TASK ITEM ▸ Give again, word for word, every line in the entries below from the line with "Other Sonique Θήκη" up to and including the line with "อาหารอีสาน สามพี่น้อง", and no other line.

GIVEN RECORDS ▸

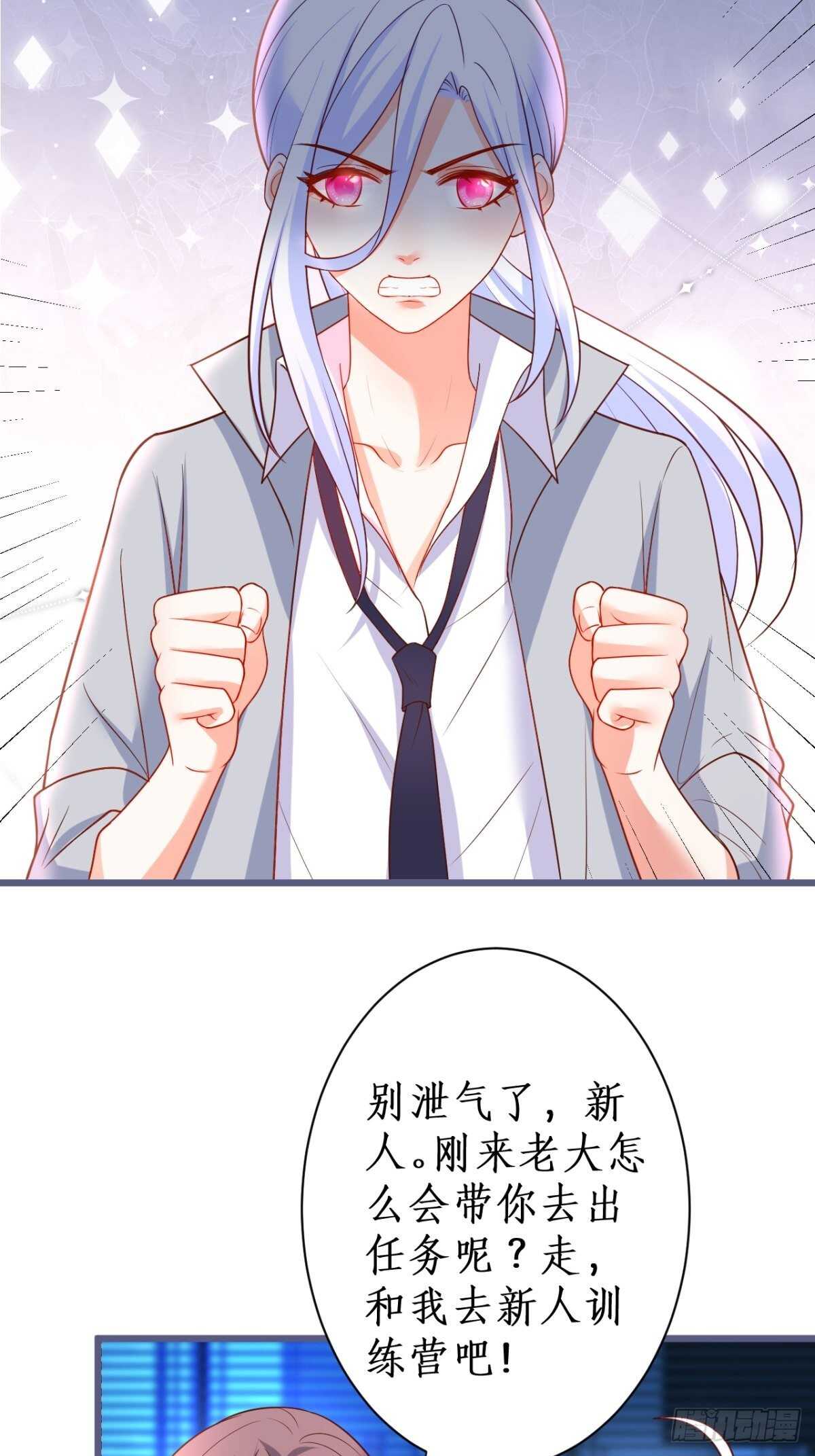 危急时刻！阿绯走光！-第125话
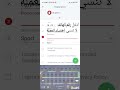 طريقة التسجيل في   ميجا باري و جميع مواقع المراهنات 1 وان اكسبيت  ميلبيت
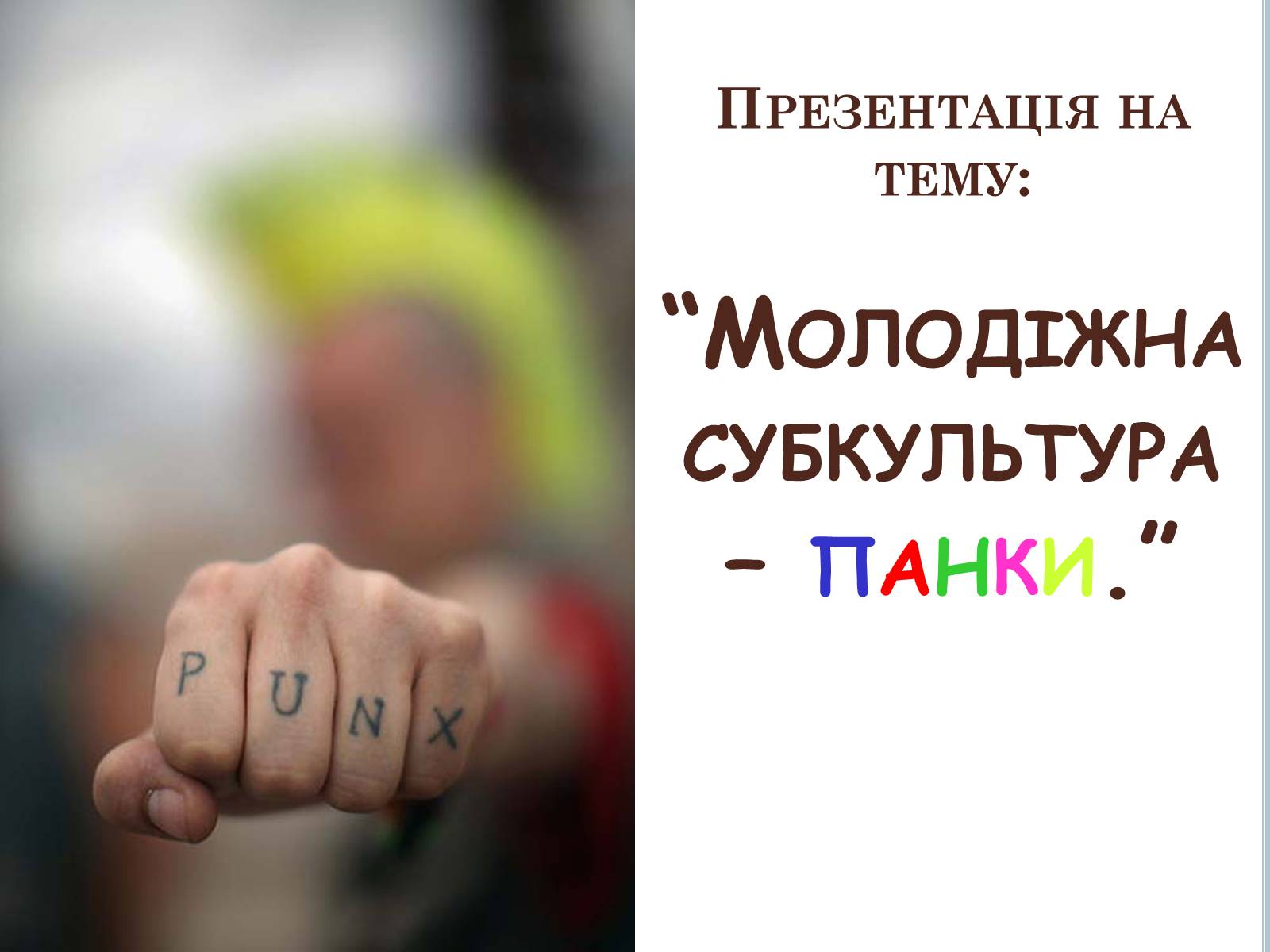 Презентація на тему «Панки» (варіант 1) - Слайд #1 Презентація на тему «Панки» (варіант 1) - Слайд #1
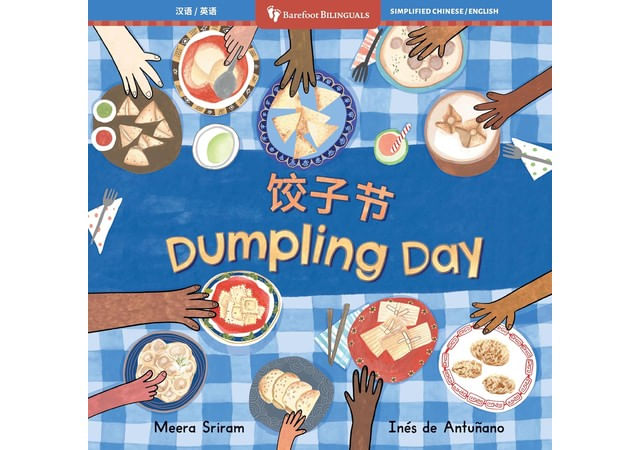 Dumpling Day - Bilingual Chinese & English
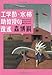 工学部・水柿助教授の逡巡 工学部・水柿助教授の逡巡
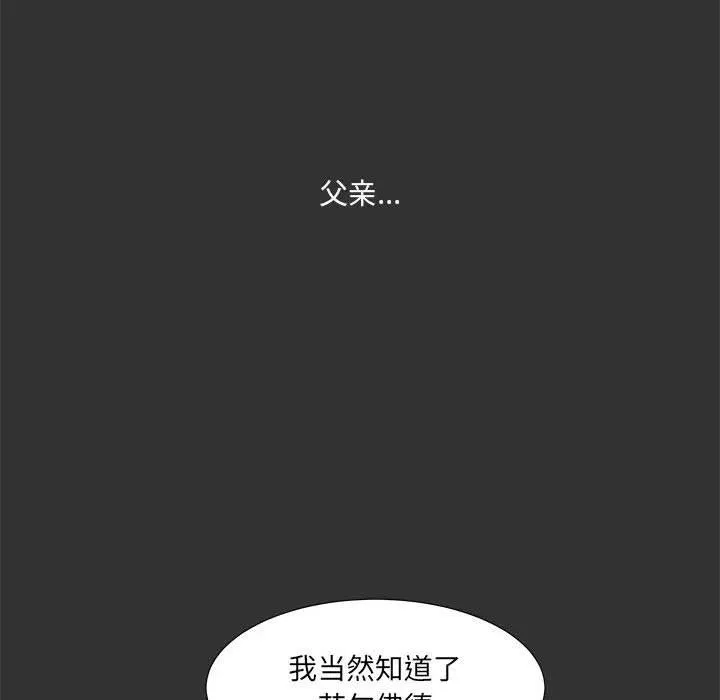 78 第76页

...

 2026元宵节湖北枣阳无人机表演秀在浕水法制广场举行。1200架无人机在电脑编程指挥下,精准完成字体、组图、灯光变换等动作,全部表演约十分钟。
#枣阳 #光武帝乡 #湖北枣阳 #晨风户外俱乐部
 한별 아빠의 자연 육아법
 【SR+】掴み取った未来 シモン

==

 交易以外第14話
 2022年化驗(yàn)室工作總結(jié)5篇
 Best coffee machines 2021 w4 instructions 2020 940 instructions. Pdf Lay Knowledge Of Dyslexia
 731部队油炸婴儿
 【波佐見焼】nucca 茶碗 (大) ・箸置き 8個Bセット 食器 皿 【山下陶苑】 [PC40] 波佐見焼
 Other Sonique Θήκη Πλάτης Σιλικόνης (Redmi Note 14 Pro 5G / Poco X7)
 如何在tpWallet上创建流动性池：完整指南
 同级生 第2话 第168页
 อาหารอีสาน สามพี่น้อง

OUTPUT OF THE TASK ▸
 Other Sonique Θήκη Πλάτης Σιλικόνης (Redmi Note 14 Pro 5G / Poco X7)
 如何在tpWallet上创建流动性池：完整指南
 同级生 第2话 第168页
 อาหารอีสาน สามพี่น้อง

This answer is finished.